Task directions. Nothing but the lines from the one with "Tangkula 3 Piece" down to the one with "Chinoiserie Toile Velvet" should be returned, exactly and with both ends included, from the material below.

Task data.
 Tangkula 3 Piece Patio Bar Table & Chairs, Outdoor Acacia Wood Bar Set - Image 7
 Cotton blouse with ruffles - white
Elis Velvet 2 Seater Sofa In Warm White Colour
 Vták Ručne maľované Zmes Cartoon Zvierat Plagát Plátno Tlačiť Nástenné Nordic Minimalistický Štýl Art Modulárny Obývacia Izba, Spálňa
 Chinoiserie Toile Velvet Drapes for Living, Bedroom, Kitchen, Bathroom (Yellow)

==

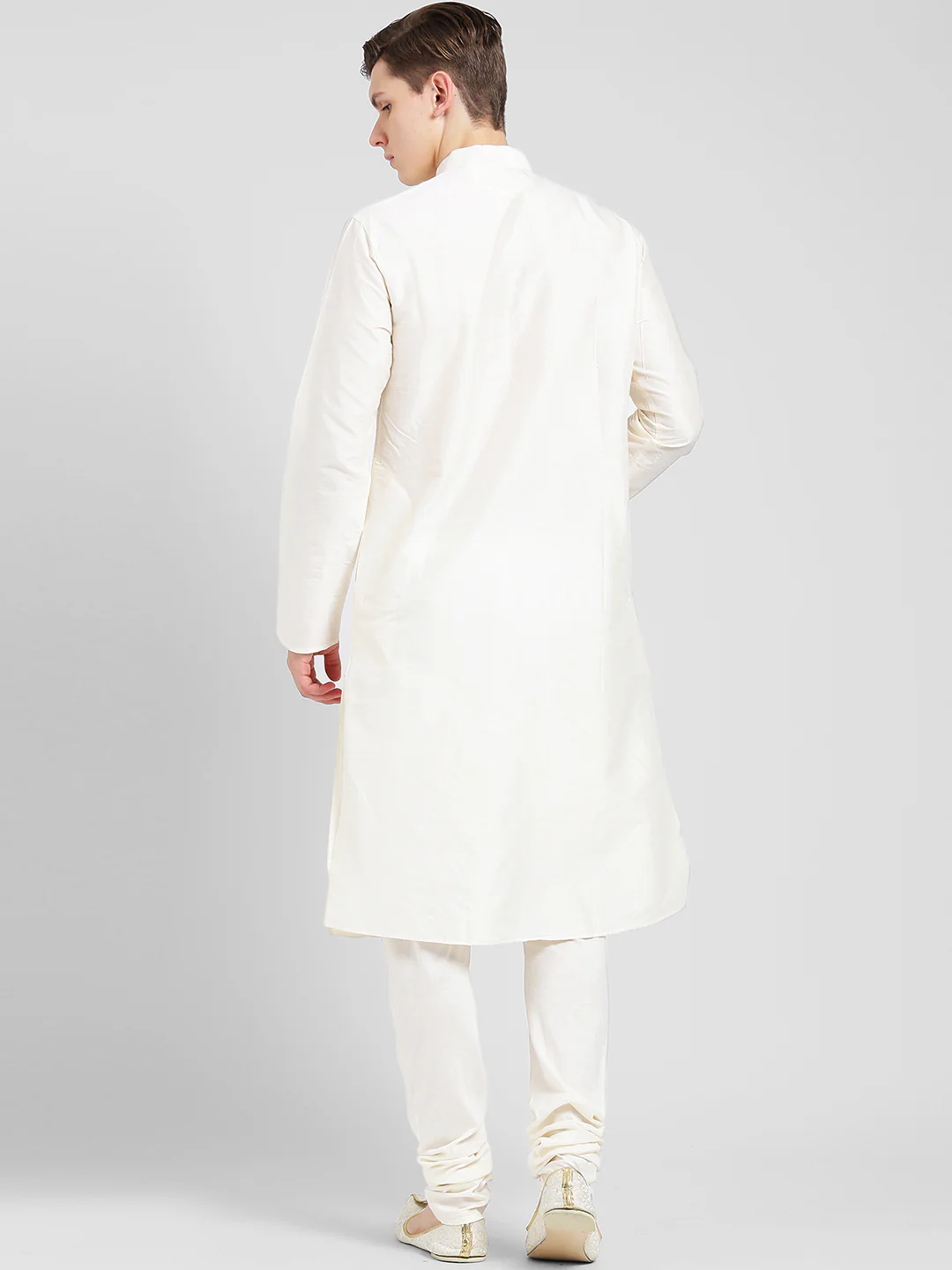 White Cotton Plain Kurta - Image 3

* * *

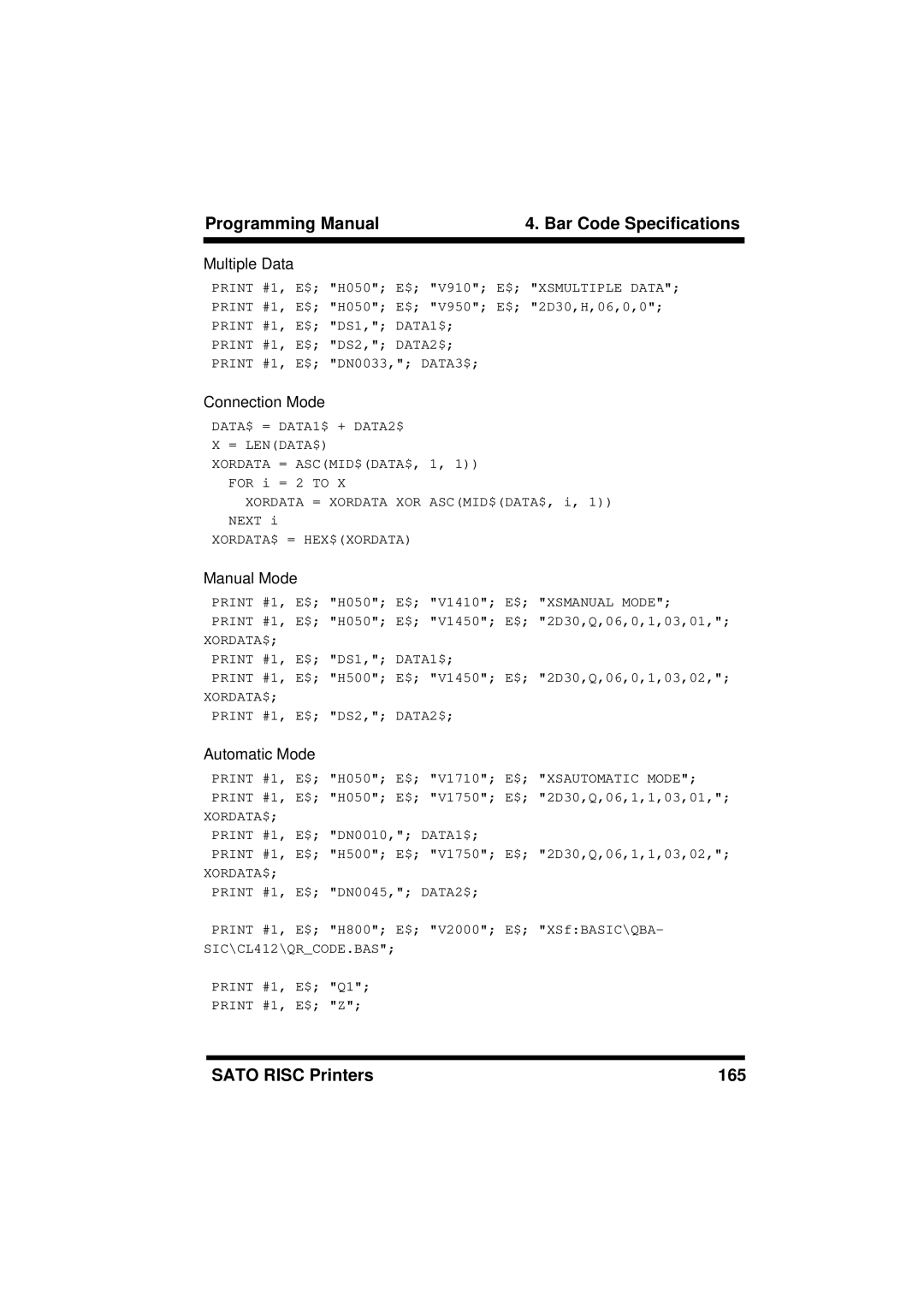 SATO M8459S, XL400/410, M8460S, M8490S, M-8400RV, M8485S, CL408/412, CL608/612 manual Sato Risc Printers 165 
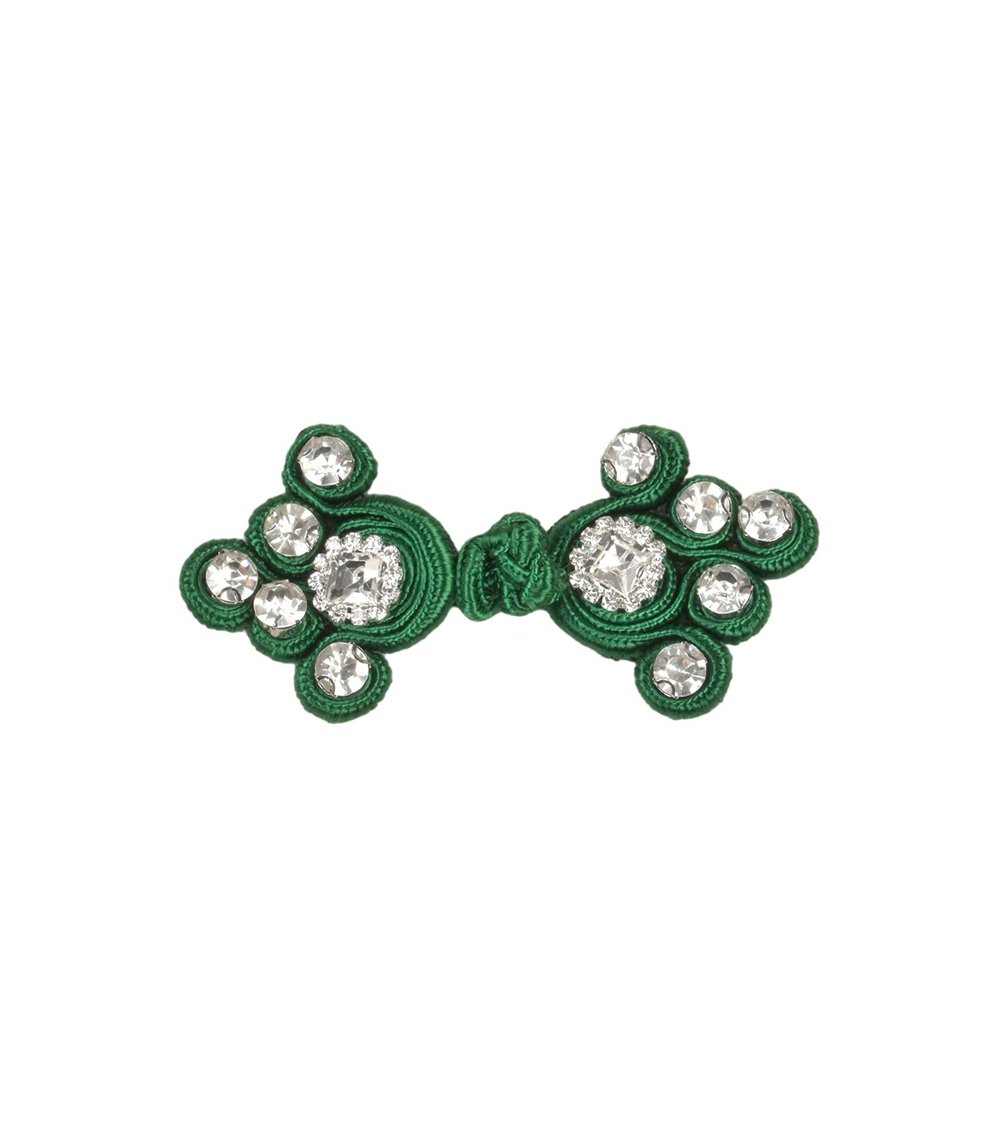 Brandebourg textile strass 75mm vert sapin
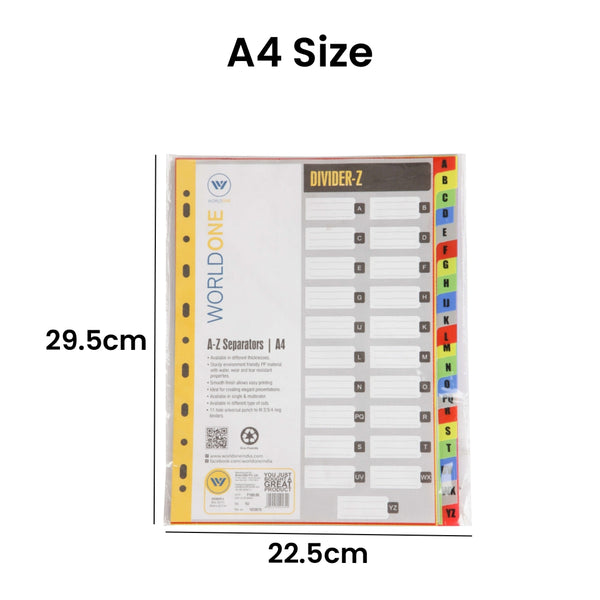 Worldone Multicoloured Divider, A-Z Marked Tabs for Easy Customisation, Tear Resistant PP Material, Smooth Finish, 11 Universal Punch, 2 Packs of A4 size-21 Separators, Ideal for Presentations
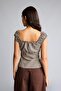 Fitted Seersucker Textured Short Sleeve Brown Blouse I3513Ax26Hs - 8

Exercise solution.
 Tangkula 3 Piece Patio Bar Table & Chairs, Outdoor Acacia Wood Bar Set - Image 7
 Cotton blouse with ruffles - white
Elis Velvet 2 Seater Sofa In Warm White Colour
 Vták Ručne maľované Zmes Cartoon Zvierat Plagát Plátno Tlačiť Nástenné Nordic Minimalistický Štýl Art Modulárny Obývacia Izba, Spálňa
 Chinoiserie Toile Velvet Drapes for Living, Bedroom, Kitchen, Bathroom (Yellow)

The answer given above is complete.